Exercise requirements
Having read the records, set them all down exactly as they appear.

[Opening Supplied data section]

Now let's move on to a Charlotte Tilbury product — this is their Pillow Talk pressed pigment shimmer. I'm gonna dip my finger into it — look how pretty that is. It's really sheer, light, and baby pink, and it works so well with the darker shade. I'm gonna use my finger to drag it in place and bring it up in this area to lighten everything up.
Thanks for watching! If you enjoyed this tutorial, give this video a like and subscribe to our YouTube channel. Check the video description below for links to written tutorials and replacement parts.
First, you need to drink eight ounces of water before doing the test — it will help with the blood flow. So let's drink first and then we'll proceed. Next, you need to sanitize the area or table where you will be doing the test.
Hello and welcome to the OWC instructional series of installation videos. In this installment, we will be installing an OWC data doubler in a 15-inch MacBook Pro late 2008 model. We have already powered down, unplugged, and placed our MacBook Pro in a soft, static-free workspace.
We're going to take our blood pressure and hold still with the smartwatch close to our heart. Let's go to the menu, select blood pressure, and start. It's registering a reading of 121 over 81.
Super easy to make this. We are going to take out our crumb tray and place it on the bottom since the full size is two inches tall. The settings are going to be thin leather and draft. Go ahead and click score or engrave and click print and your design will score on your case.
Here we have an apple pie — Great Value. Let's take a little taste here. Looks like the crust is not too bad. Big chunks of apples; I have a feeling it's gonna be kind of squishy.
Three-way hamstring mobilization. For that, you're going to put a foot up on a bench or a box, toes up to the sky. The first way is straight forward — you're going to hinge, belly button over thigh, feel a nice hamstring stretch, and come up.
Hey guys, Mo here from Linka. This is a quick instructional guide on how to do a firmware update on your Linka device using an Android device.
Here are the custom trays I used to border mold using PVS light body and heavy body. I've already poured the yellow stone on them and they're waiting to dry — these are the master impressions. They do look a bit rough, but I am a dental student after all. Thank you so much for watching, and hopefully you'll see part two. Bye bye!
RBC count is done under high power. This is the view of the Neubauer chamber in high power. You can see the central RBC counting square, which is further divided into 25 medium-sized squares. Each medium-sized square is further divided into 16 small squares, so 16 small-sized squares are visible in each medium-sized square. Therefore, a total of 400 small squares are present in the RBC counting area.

[Closing Supplied data section]

Answer to this task
Now let's move on to a Charlotte Tilbury product — this is their Pillow Talk pressed pigment shimmer. I'm gonna dip my finger into it — look how pretty that is. It's really sheer, light, and baby pink, and it works so well with the darker shade. I'm gonna use my finger to drag it in place and bring it up in this area to lighten everything up.
Thanks for watching! If you enjoyed this tutorial, give this video a like and subscribe to our YouTube channel. Check the video description below for links to written tutorials and replacement parts.
First, you need to drink eight ounces of water before doing the test — it will help with the blood flow. So let's drink first and then we'll proceed. Next, you need to sanitize the area or table where you will be doing the test.
Hello and welcome to the OWC instructional series of installation videos. In this installment, we will be installing an OWC data doubler in a 15-inch MacBook Pro late 2008 model. We have already powered down, unplugged, and placed our MacBook Pro in a soft, static-free workspace.
We're going to take our blood pressure and hold still with the smartwatch close to our heart. Let's go to the menu, select blood pressure, and start. It's registering a reading of 121 over 81.
Super easy to make this. We are going to take out our crumb tray and place it on the bottom since the full size is two inches tall. The settings are going to be thin leather and draft. Go ahead and click score or engrave and click print and your design will score on your case.
Here we have an apple pie — Great Value. Let's take a little taste here. Looks like the crust is not too bad. Big chunks of apples; I have a feeling it's gonna be kind of squishy.
Three-way hamstring mobilization. For that, you're going to put a foot up on a bench or a box, toes up to the sky. The first way is straight forward — you're going to hinge, belly button over thigh, feel a nice hamstring stretch, and come up.
Hey guys, Mo here from Linka. This is a quick instructional guide on how to do a firmware update on your Linka device using an Android device.
Here are the custom trays I used to border mold using PVS light body and heavy body. I've already poured the yellow stone on them and they're waiting to dry — these are the master impressions. They do look a bit rough, but I am a dental student after all. Thank you so much for watching, and hopefully you'll see part two. Bye bye!
RBC count is done under high power. This is the view of the Neubauer chamber in high power. You can see the central RBC counting square, which is further divided into 25 medium-sized squares. Each medium-sized square is further divided into 16 small squares, so 16 small-sized squares are visible in each medium-sized square. Therefore, a total of 400 small squares are present in the RBC counting area.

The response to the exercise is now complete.